De acuerdo con el carácter de este evangelio, que presenta el servicio, se añade: “Y todo sacrificio será salado con sal” (v. 49). Es una referencia a Levítico 2:13: “Sazonarás con sal toda ofrenda que presentes, y no harás que falte jamás de tu ofrenda la sal del pacto de tu Dios; en toda ofrenda tuya ofrecerás sal”. Sabemos por Romanos 12:1 que en reconocimiento por el gran amor de Dios, el creyente debe ofrecer su cuerpo en sacrificio vivo, es decir la completa entrega de sí mismo al Señor, como Cristo lo hizo en su humanidad. Esto es lo que la ofrenda de la torta representa en este pasaje del Levítico. En el servicio a Cristo, que incluye toda nuestra vida, no debe faltar la sal. La sal conserva, evitando la corrupción. Es una figura del poder que da las fuerzas para rechazar todo lo que podría obstaculizar nuestra relación con Dios, impidiéndonos ser desviados de ella por cosas que agradan a la vieja naturaleza. Estas son representadas por la miel, que nunca debía ser encontrada en un sacrificio (Levítico 2:11). El creyente también es considerado como la sal de la tierra. Jesús dijo: “Buena es la sal; mas si la sal se hace insípida, ¿con qué la sazonaréis?” (v. 50; ver Mateo 5:13). En todo su andar el cristiano debe separarse del mal. Si es fiel, su misma presencia en medio del mundo preserva de la corrupción. Si deja de lado todo aquello que lo hace capaz de ser testigo del Señor, ¿cómo adquirirá sabor? En Mateo se nos habla que tal hombre ya no sirve para nada más sino para ser pisoteado. ¡Qué solemne advertenciaPara finalizar, Jesús dijo:

Tened sal en vosotros mismos; y tened paz los unos con los otros (v. 50).

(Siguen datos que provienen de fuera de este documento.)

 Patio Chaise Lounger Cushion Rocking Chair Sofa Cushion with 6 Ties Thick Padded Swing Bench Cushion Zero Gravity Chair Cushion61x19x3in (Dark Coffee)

Los discípulos deben hacer uso de la sal en sus relaciones buscando evitar toda la corrupción que se produciría si toleraran lo carnal, agradándose unos a otros. Este comportamiento solo produce malos frutos, pues “el que siembra para su carne, de la carne segará corrupción” (Gálatas 6:8). Procuremos buscar la paz entre nosotros, pero para que la paz sea según Dios, no debe lograrse a expensas de la santidad. En Hebreos 12:14 leemos: “Seguid la paz con todos, y la santidad, sin la cual nadie verá al Señor”.

Podemos resumir este largo capítulo, tan lleno de instrucciones prácticas, diciendo que después de presentar a los discípulos el reino en gloria por medio de la transfiguración, el Señor les mostró el camino que conduce hacia él, buscando fortalecer su fe. Siendo de Cristo, y sirviéndole en separación del mal, era necesario que sus pensamientos fueran transformados. También se ocupó de darles aliento en ese camino. La gloria vendrá después, cuando ya no deban estar preocupados por sí mismos, como tan a menudo lo hacían, al igual que nosotros.